At least 100 North Carolinians have spent a total of more than $2.4 million in recent weeks to invest in Silver Screen Partners II, a partnership offered through Hutton offices around the nation. The partnership is trying to raise $150 million to invest in 10 to 15 films to be made by Walt Disney Productions.

Hutton officials received Securities and Exchange Commission permission in mid-April to make the offering, and applied for similar approval from officials in all 50 states to offer shares in the partnership in each state.

North Carolina officials said they raised questions about some of the details of the offering, but never got any response from Hutton. State Securities Commissioner Daniel Bell said the state never even got a copy of the final prospectus for the offering, as is required. "We never received any information from them, we never received any attempt to satisfy the deficiencies we found in the application," Bell said.

Last week, however, Bell's office discovered that Hutton offices in the state were offering the partnerships. "From what we ascertained, they were all over the state, and they never properly notified us," Bell said. Stephen Wallace, an investigator for the state securities commission, went to a Hutton office in Raleigh last week posing as an investor and was given a full-scale pitch for the investment -- including a sales video featuring Disney star Mickey Mouse and a copy of the final prospectus -- the first state officials say they had seen.

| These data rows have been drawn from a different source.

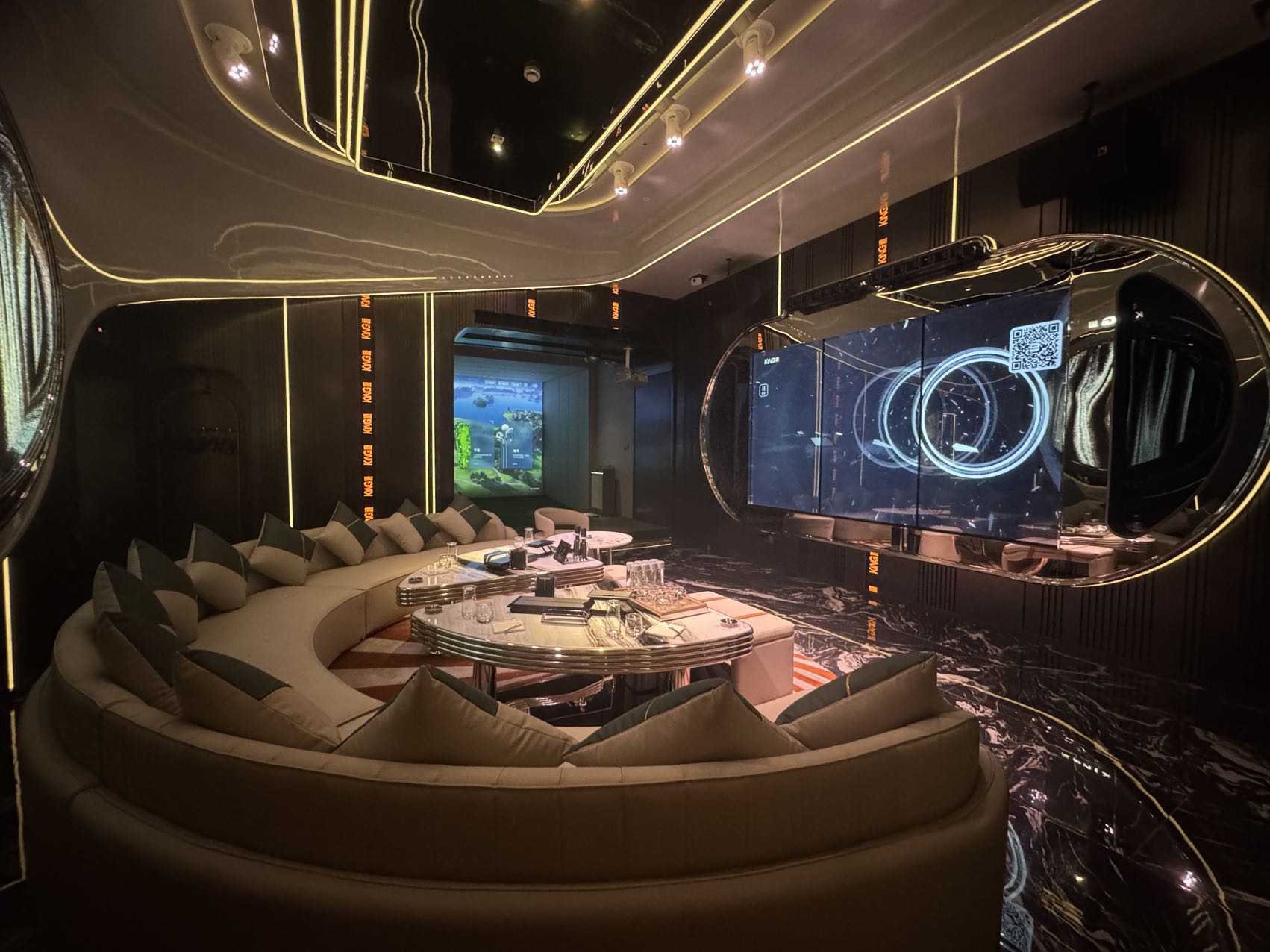 1770644253978412.jpg King.jpg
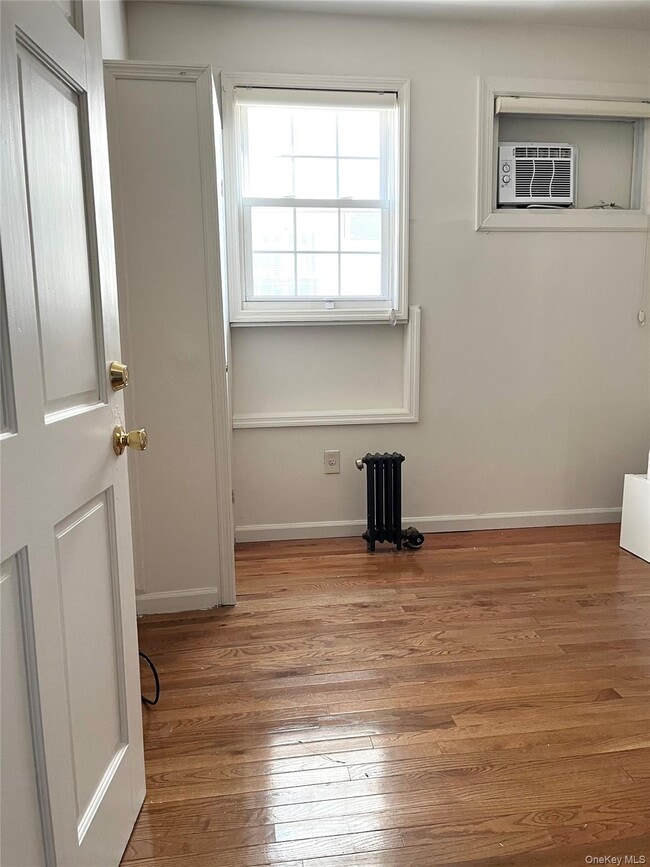 Photo - 107-33 115th St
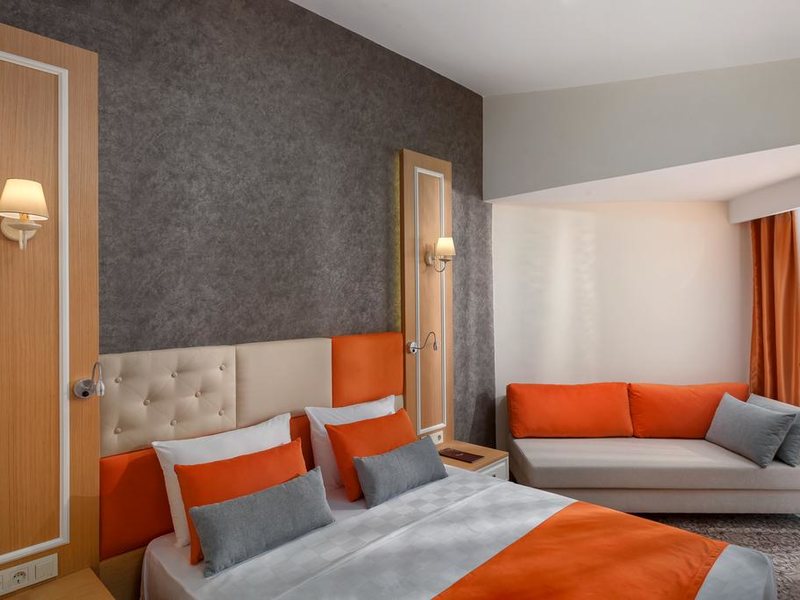 Golden Orange Hotel 303187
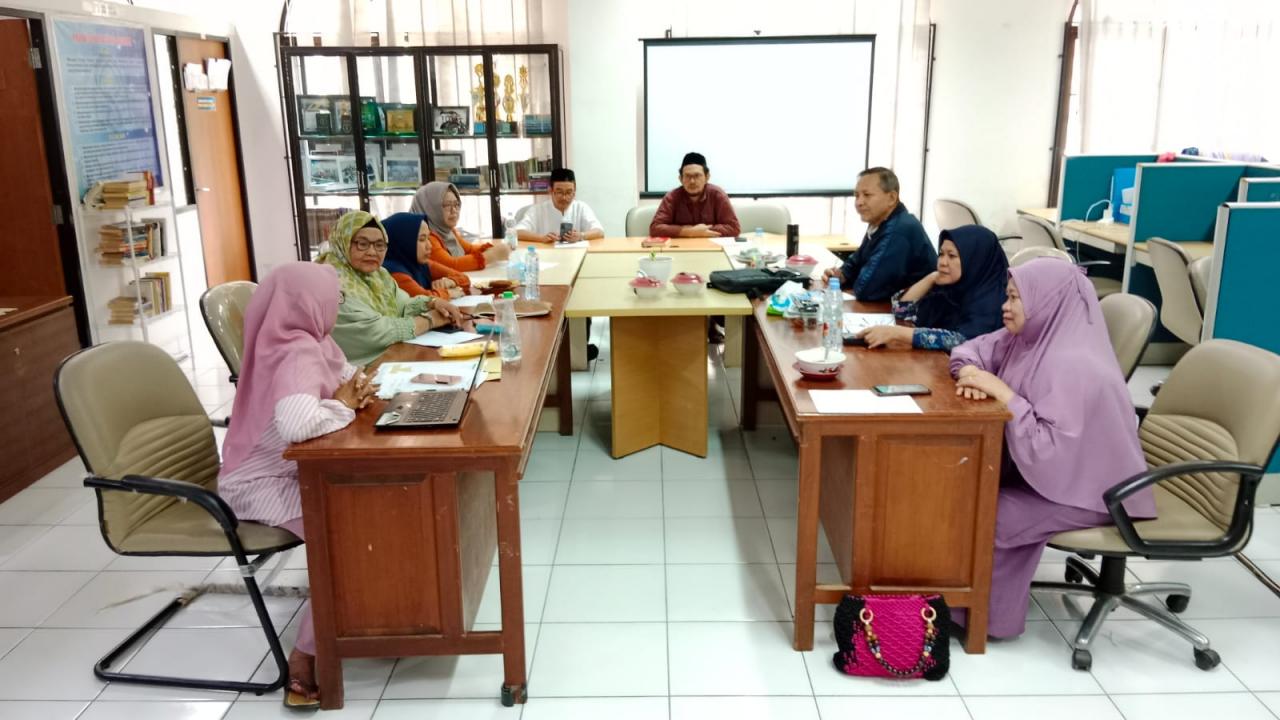 Gambar Rapat Internal, Kajur Sosiologi Agama UIN Alauddin Apresiasi Kinerja Dosen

Bell then ordered Hutton to stop selling the partnership shares and freeze the funds it received, pending an investigation.

Tom Rae, the head of Hutton's legal department, said his company had been told by its outside counsel that it had received clearance to sell the partnerships in North Carolina. "Hutton was acting in good faith," he said. "Apparently there was some breakdown in communications."

Steve Green, a partner at Cahill and Gordon, the law firm that was handling the offer for Hutton, said the fault lay with another lawyer in the firm, whom he did not identify, who apparently told Hutton prematurely that officials in North Carolina had approved the registration form. The lawyer then "dropped the ball" and didn't complete the negotiations with state officials, Green said.

A similar problem also occurred with the securities commission in Pennsylvania, he said, but that state has not taken action to stop sales of the partnerships. "Those were apparently the only two states where the ongoing dialogue hadn't been resolved," Green said.

He said Cahill and Gordon is now holding discussions with North Carolina and Pennsylvania officials to try to correct the oversight and clear the sale of the partnerships. Both he and Bell said one possible compromise might be to give those who already have invested in Silver Screen partnerships a chance to rescind the investments; Hutton could also decide to simply void all the sales in the two states and just accept money from investors elsewhere. Green said he hopes to clear up the situation within the next few days.

The episode is another embarrassment for Hutton, which recently pleaded guilty to federal charges of floating checks to obtain, in effect, interest-free loans from its banks. But Green said, "In this instance, Hutton is 100 percent blameless. . . . "

Wallace said he couldn't recall the last time a big securities firm ran afoul of North Carolina officials in this manner. And Bell said, "The magnitude of the problem is pretty grave, even though it would seem like a routine matter in which they dropped the ball."